▶
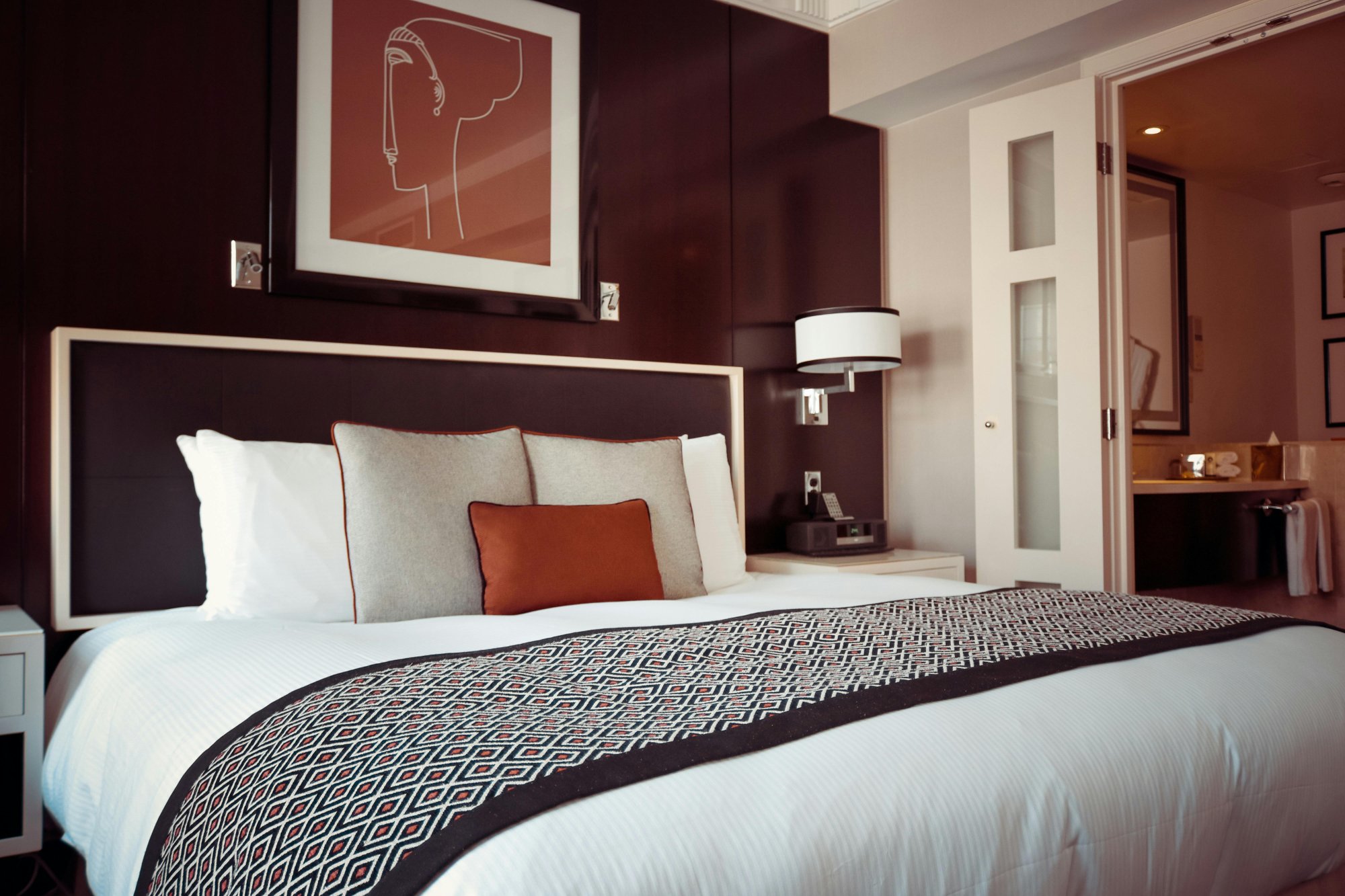 Elegant luxury hotel room with designer bedding and artwork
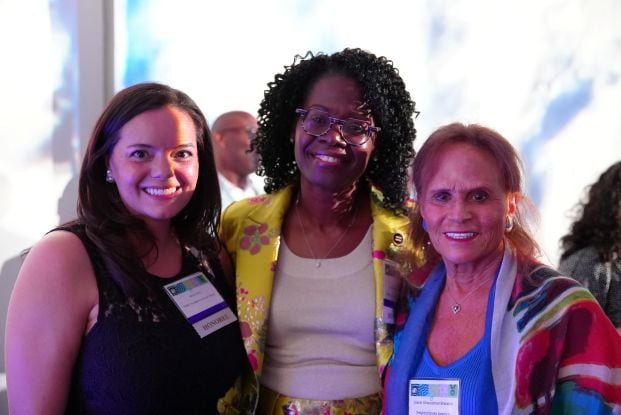 Award recipients stand with Joanie Straussman Brandon.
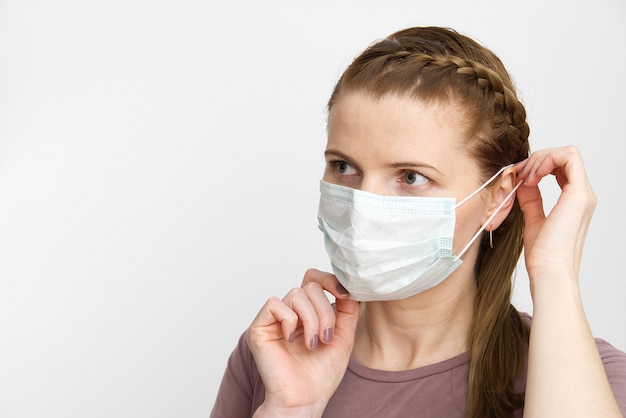 Woman wearing medical mask.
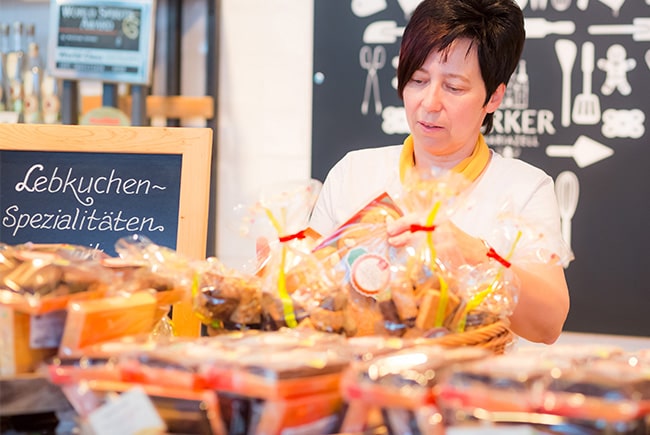 Pirker Lebkuchen: Mitarbeiterin sortiert verpackte Lebkuchen-Spezialitäten vor Kreidetafel.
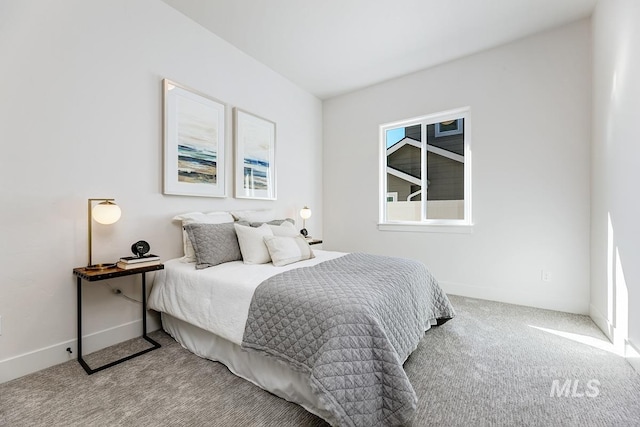 bedroom featuring baseboards and carpet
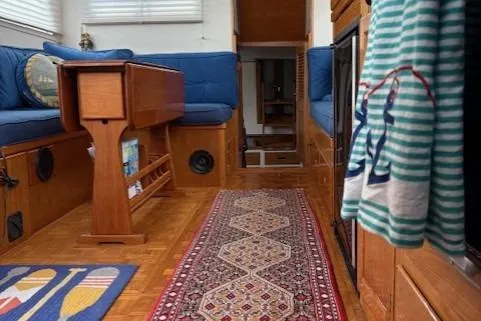 Slide: The Image of Interior of a 1978 Grand Banks 36 Classic yacht with wooden furnishings and blue seating. - 20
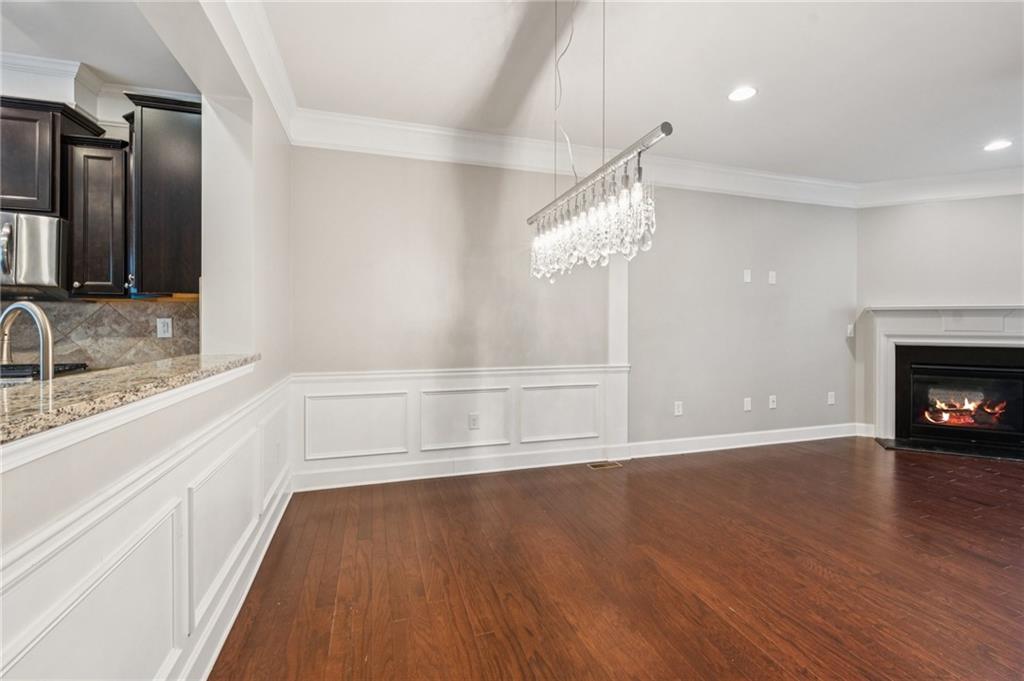 1514 Woodbridge Way Northeast Atlanta, GA 30329 - Photo 27 of 54 a view of an empty room and wooden floor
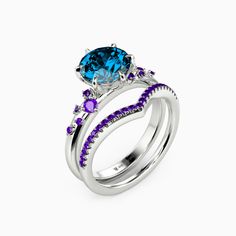 two rings with blue and purple stones on each side, set in white gold plated silver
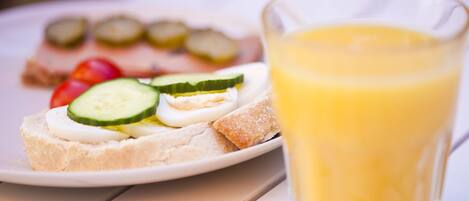 A plate with a sandwich and a glass of orange juice.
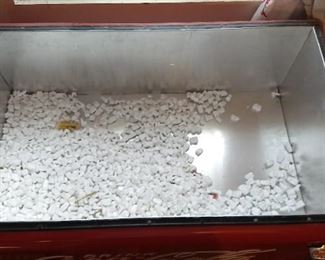 The inside of the chest Coke machine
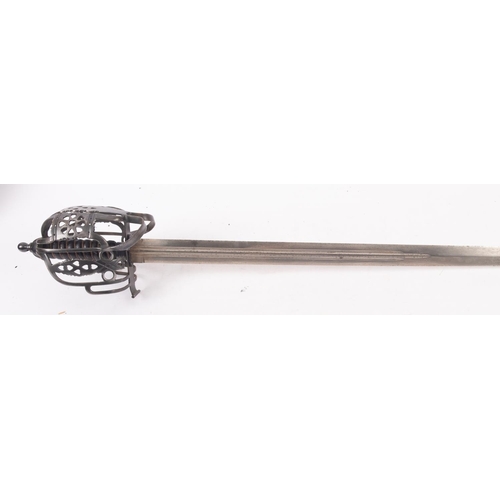 115 - A Reproduction Scottish basket hilted broad sword, possibly a stage sword, 100cm long.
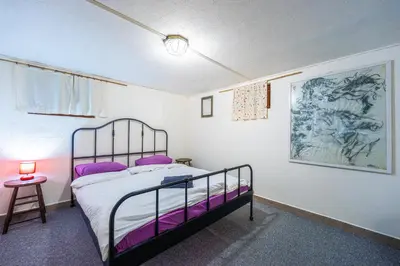 a bedroom with a bed with purple pillows at Social Apartment in Sofia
◀
Exercise — Reproduce the material word for word, but without its images.

Reply —
 Elegant luxury hotel room with designer bedding and artwork
 Award recipients stand with Joanie Straussman Brandon.
 Woman wearing medical mask.
 Pirker Lebkuchen: Mitarbeiterin sortiert verpackte Lebkuchen-Spezialitäten vor Kreidetafel.
 bedroom featuring baseboards and carpet
 Slide: The Image of Interior of a 1978 Grand Banks 36 Classic yacht with wooden furnishings and blue seating. - 20
 1514 Woodbridge Way Northeast Atlanta, GA 30329 - Photo 27 of 54 a view of an empty room and wooden floor
 two rings with blue and purple stones on each side, set in white gold plated silver
 A plate with a sandwich and a glass of orange juice.
 The inside of the chest Coke machine
 115 - A Reproduction Scottish basket hilted broad sword, possibly a stage sword, 100cm long.
 a bedroom with a bed with purple pillows at Social Apartment in Sofia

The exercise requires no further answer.